お酒にまつわるさまざまな知識や教養は、成人たる人間が、自ら体験し、謳歌し、伝承していくものであり、一部の専門家、酒業者からの一方的な情報として、人々に伝達されるものではありません。
しかしながら、出版不況のわが国の現状では、お酒の楽しさを身につける、軽妙にして秀逸、ユーモラスな批判的精神を持ち合わせた書物は、自らを贖うことあきらめて衰退し、酒を売らんがための広告に終始し、本音で酒を語りたいと希求する青少年、一般民衆の根本的な疑問や興味はいつの間にか、ビジネスという名の商行為にすりかえられています。
万人の内奥から発した酒への文化的渇望が、このまま蹂躙され、放置され、大人のたしなみである酒が、単なる消費財としてむなしく滅びさる瞬間はすぐ目の前に迫っているのです。

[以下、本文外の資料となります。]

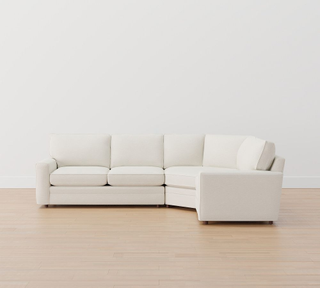 white sectional sofa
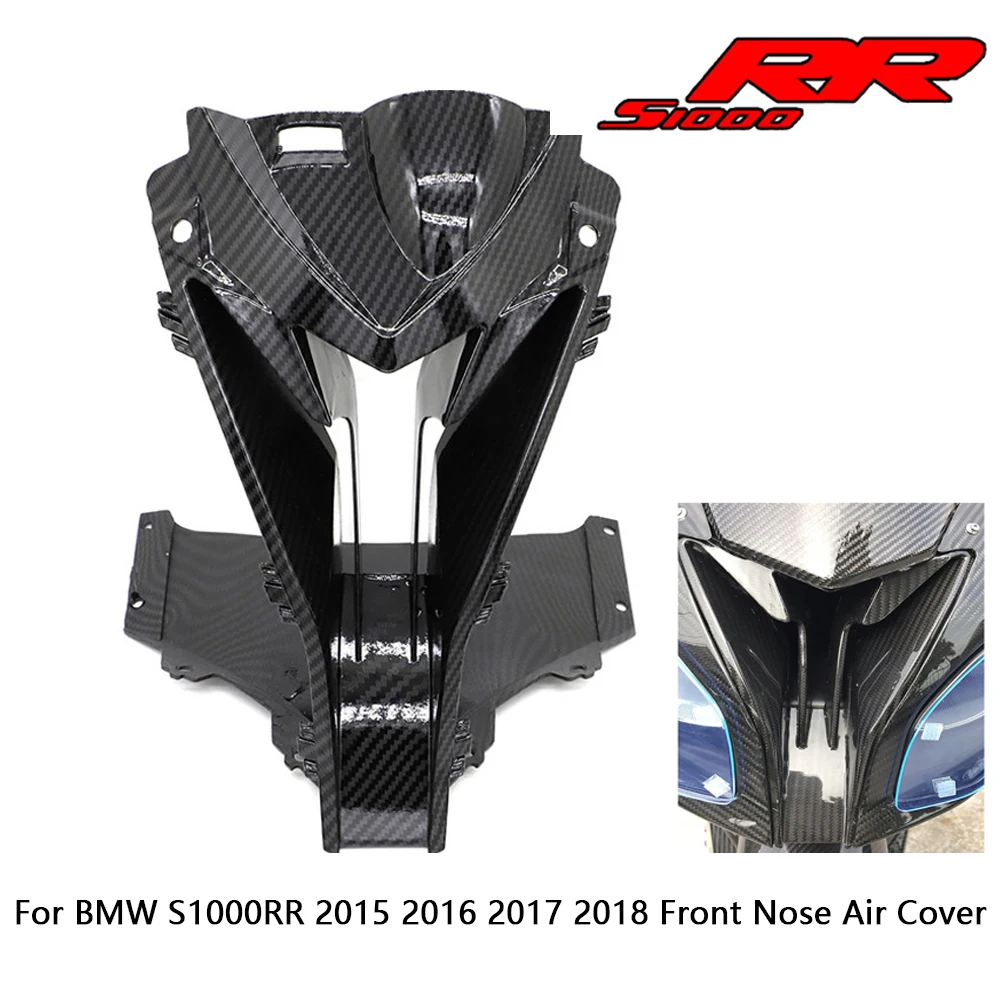 Motorcycle For BMW Model ABS Injection Material Carbon Fiber Headlight Sir Intake Cover S1000RR S1000 RR  S 1000RR 2015 -2018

このことは、飲酒をしない人々の酒への興味の機会を阻んでいるだけでなく、酒文化に耽溺したい健全なる愛飲家たちの精神的な成長を蝕んでおり、酒文化的の多層的発展というという崇高なるチャレンジを脆弱なものにしています。単なる「呑んべえ」以上の深い洞察力、おいしさを高めるコミュニケーション力、体験に裏付けられた鋭い見識、いわば「酒」を愉しむ力を必要とするこれからの愛飲家の将来にとって、真剣に憂慮されなければならない事態といわなければなりません。
わたしたちの「酒眉」は、この事態の克服を企図して発刊されたものです。これによってわたしたちは、酒ビジネスの意図的な宣伝媒体として存在するのでもなく、単なる酒の指南書でもない、もっぱら万人の酔いから生じる根本的な人生への疑問、深遠なる哲学、恋愛論や文化論を議論し、掘り起こす手引きとして、継続的に楽しめる媒体を手に入れることになりましょう。
わたしたちは、印刷代、紙代などの制作費、原稿料や取材経費といった編集費を自らの手で購うことによって、「酒眉」を生み出し、世間に向け大きく「叫び声」を上げたいのであります。これは、自由な酒呑みの発言、酔っ払いの芸術の発表の場を残していく、大いなる野望でもあります。有志の結集をここに呼びかけます。